WHAT TO DO: Reproduce the entries exactly, beginning with the line containing "Leather Ankle Boots" and ending with their last line, both included.
____ PROVIDED MATERIAL
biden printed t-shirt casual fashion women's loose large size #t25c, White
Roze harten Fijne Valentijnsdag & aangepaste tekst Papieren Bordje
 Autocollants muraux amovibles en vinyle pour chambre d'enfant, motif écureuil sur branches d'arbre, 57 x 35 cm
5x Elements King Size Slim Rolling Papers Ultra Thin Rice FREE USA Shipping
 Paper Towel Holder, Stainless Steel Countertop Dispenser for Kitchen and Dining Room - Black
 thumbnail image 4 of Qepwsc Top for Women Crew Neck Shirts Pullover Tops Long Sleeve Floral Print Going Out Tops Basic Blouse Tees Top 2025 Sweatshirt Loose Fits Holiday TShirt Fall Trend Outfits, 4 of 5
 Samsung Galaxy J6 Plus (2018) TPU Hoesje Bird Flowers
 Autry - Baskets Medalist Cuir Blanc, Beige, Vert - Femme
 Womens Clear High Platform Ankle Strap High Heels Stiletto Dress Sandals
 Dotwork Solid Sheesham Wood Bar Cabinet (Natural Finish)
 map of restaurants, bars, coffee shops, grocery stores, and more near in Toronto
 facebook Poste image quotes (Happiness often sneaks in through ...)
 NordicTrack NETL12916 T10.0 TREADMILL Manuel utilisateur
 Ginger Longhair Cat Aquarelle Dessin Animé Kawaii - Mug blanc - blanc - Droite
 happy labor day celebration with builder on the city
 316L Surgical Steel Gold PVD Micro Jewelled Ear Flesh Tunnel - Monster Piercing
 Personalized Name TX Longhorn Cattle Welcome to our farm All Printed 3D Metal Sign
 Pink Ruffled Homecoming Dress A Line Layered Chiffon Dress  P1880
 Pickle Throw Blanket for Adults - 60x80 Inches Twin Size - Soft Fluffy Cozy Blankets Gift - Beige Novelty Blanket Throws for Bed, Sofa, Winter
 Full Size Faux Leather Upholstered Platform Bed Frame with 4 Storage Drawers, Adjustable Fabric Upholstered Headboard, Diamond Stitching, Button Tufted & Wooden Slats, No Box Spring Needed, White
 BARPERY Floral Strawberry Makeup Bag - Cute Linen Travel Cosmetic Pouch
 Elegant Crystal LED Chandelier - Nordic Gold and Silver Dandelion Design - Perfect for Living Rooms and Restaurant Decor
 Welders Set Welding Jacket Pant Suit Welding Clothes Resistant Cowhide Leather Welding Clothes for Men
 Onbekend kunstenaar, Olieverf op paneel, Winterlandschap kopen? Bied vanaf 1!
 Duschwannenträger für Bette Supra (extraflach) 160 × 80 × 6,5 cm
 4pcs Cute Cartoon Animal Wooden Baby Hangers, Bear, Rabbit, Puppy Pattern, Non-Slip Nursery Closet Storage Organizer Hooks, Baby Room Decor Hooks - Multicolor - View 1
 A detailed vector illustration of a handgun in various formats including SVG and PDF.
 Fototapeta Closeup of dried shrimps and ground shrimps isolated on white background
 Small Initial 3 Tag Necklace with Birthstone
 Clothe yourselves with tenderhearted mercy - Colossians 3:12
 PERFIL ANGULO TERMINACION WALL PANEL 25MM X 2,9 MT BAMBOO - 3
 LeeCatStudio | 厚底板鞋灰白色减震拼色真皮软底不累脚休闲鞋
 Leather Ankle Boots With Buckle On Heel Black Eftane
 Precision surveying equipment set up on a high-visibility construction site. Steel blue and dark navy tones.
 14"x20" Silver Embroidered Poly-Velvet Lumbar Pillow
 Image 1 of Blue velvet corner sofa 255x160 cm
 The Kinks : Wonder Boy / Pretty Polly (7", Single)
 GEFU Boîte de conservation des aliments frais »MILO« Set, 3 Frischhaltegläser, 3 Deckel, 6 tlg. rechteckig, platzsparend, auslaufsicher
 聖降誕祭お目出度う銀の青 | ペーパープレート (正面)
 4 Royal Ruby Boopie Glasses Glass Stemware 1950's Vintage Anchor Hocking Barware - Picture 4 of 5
________
ANSWER SPACE:
 Leather Ankle Boots With Buckle On Heel Black Eftane
 Precision surveying equipment set up on a high-visibility construction site. Steel blue and dark navy tones.
 14"x20" Silver Embroidered Poly-Velvet Lumbar Pillow
 Image 1 of Blue velvet corner sofa 255x160 cm
 The Kinks : Wonder Boy / Pretty Polly (7", Single)
 GEFU Boîte de conservation des aliments frais »MILO« Set, 3 Frischhaltegläser, 3 Deckel, 6 tlg. rechteckig, platzsparend, auslaufsicher
 聖降誕祭お目出度う銀の青 | ペーパープレート (正面)
 4 Royal Ruby Boopie Glasses Glass Stemware 1950's Vintage Anchor Hocking Barware - Picture 4 of 5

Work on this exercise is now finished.